This week in Irving, Texas, transportation experts from the private and public sectors gathered for the Transportation and Infrastructure Summit. This year's theme, Modern Mobility: Advancing to the Future, reflects the need for transportation solutions that meet today's challenges and begin addressing tomorrow's needs.
At the summit, DOT leaders presented scenarios for improved transportation to seamlessly move people and goods while protecting our environment, reducing dependence on foreign oil, and creating jobs.
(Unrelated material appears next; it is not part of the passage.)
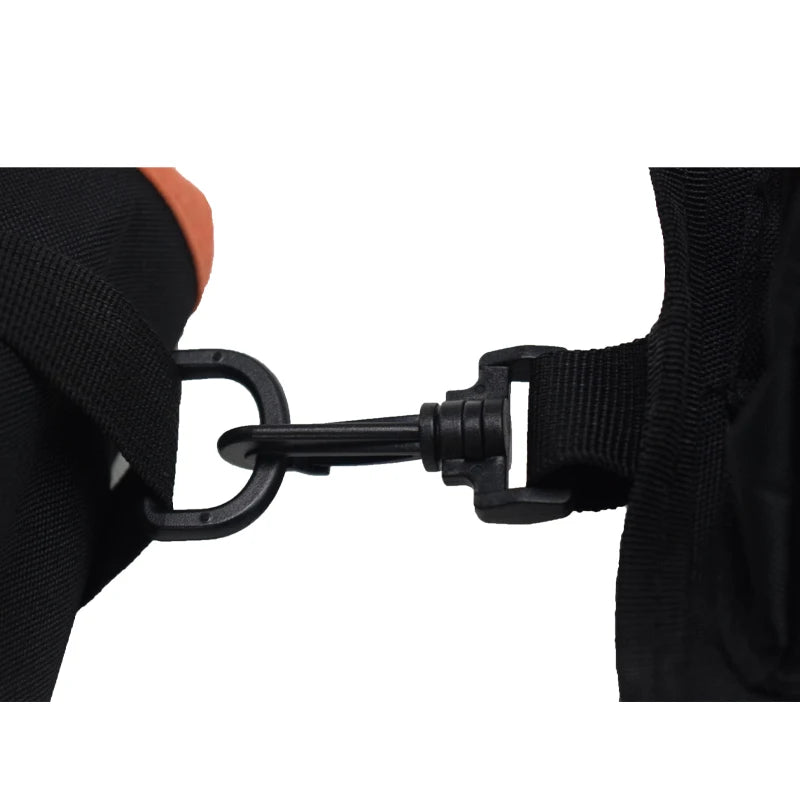 Shooting Rest Sandbag Set – Front & Rear Rifle Support Bags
Karen Rae, Deputy Administrator of our Federal Railroad Administration, laid out this scene. Business owners in Raleigh will be able to board trains in the morning, check email and prepare for a full day of customer presentations, sail past DC’s infamous I-95 and Beltway gridlock and avoid the headaches of air travel, arrive on time, and transfer easily to Metro, streetcars, urban circulators, taxis or a car sharing service to reach their appointments throughout the Capital region. After a productive day, an afternoon train will take them back home in time for a late dinner with their families.
A successful day trip to and from a city hours away? Yes, under President Obama's vision for transportation, we can do this.
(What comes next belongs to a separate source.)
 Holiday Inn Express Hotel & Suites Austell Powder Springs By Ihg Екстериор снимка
NHTSA Administrator David Strickland had his own vision. In that vision, gas prices in America stop eating up household budgets thanks to strong, but attainable fuel-economy standards put into place by the Obama Administration. Those include the first-ever fuel-economy standards for medium and heavy-duty trucks, saving America's truckers thousands of dollars every year.
Federal Highway Administrator Victor Mendez is similarly optimistic about the state of America's roadways. He presented a future where a community can replace 14 bridges along a heavily trafficked interstate highway in a single summer rather than the four years it used to take. He also sees a day when our roadways themselves will be safer and last longer using state of good repair approaches that actually cost less.
Can we do that? We already are.
At the summit, Craig Middlebrook, Deputy Administrator of the St. Lawrence Seaway Development Corporation, showed why investments in transportation infrastructure make sense. The Seaway's Asset Renewal Program has created jobs and already begun to improve the flow of cargo on that important waterway. The Seaway is a true asset that carries tens of millions of tons of cargo every navigation season in the most fuel-efficient way we have for moving goods: aboard ships.
These DOT leaders showed that a nation's investments in transportation pay valuable short and long-term dividends. The experts who attended the Transportation and Infrastructure Summit this week know that America cannot afford to ignore those benefits.